One of their goals when creating their restaurant was to minimize food waste, so Skaarup created a system where visitors make reservations before they visit, so they can prepare just enough food each night they are open.
Since Øens Have tries to source their food on-site or through local Danish farmers, they have to be flexible with their menu, leaving their menu more susceptible to change throughout the year.
“I think you need to change your mindset of that you can’t have it all year round, it’s more of what’s available now and then you create a menu from that,” Skaarup said. “Here, it changes all the time.”
Sourcing through small local farmers also fluctuates the prices, and sometimes there is instability in the supply chain when buying locally.
Skaarup acknowledged that crop failures happen, but you just have to move on to the next farmer to meet the supply needed. Maintaining a sustainable restaurant can also be difficult in the winter months when one tries to source things locally.
“That’s where fermentation comes in, in the late season, where you prep for times where there isn’t that much to take from the ground,” Skaarap said.
Even though Skaarap’s goal is to source everything from Denmark, some plants are nearly impossible to grow in Denmark’s climate, leaving Skaarap to look elsewhere to source sustainable-grown ingredients.
“It’s not that I’m against getting almonds from the U.S. or lemons from Italy, it’s more that the things that we can grow on our own is more fun getting local,” Skaarap said.
Skaarap mentions that civilizations around the world have been trading with one another since ancient times, and he is not against getting products from other parts of the world. Products that can be grown in Denmark should be sourced from Denmark, and then he can get the other products through trading.

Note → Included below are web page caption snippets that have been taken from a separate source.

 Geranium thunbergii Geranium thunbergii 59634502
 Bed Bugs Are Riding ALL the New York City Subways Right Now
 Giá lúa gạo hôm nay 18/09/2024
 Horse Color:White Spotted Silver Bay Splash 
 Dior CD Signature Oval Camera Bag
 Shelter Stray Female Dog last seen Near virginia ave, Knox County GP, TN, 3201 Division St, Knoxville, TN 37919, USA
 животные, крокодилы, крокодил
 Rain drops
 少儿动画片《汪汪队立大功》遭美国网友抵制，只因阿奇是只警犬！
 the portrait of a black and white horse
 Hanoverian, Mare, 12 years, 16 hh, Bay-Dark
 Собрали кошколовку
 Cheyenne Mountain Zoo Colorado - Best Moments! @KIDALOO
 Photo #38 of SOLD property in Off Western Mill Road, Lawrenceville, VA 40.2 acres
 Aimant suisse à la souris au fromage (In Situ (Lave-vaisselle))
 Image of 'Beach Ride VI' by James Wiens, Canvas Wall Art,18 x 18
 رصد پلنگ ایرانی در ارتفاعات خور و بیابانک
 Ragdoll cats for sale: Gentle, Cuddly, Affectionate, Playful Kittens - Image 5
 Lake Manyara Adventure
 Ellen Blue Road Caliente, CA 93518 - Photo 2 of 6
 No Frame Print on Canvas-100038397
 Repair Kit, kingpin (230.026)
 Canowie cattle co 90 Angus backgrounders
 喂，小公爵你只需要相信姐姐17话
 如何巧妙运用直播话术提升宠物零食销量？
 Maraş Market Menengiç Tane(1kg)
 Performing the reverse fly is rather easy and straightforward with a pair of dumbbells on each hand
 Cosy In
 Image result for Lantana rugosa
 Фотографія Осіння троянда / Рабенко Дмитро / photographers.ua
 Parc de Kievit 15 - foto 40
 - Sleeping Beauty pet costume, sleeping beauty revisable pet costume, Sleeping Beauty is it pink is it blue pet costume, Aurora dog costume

According to the Danish Agriculture and Food Council, a study done in 2021 found that 65% of Danes acknowledged that they think “to a certain extent” or “to a great extent” about sustainability and food and drink.
“In the supermarket, I buy cheap stuff, but I also look to make sure is not too much packaging when buying fruits and vegetables,” said Marc Reinhard, a local eating at the Reffen food trucks in Copenhagen.
While eating his meal, Reinhard noticed the packaging that came with his food was made out of paper and not plastic, allowing him to feel better about his experience knowing that his waste was more organic than single-use plastic.
Derrick Freeman and his bandmates were visiting Denmark from the United States.
“Eating sustainability does make you feel better,” Freeman said. “I feel like in this part of the world, there is more of a standard than an anomaly like in our part of the world.”
According to Spoon Guru, 31% of Americans have adopted more sustainable food diets due to food waste.
Sustainable restaurants and urban farming are letting people return to agriculture and be more involved with their food.
“I see urban farming as an important contributor because it is a way of seeing and understanding how food is made,” Skaarap said. “We are not part of agriculture anymore as we used to be 50 years ago.”
Skaarap hopes that when people and restaurants start buying more locally, the supermarkets will follow and sell more local and sustainably-sourced products on their shelves.
“The real food is supposed to come from the rural landscape,” Skaarap said.
Ben McDaniel is a senior at the University of Georgia majoring in journalism and political science.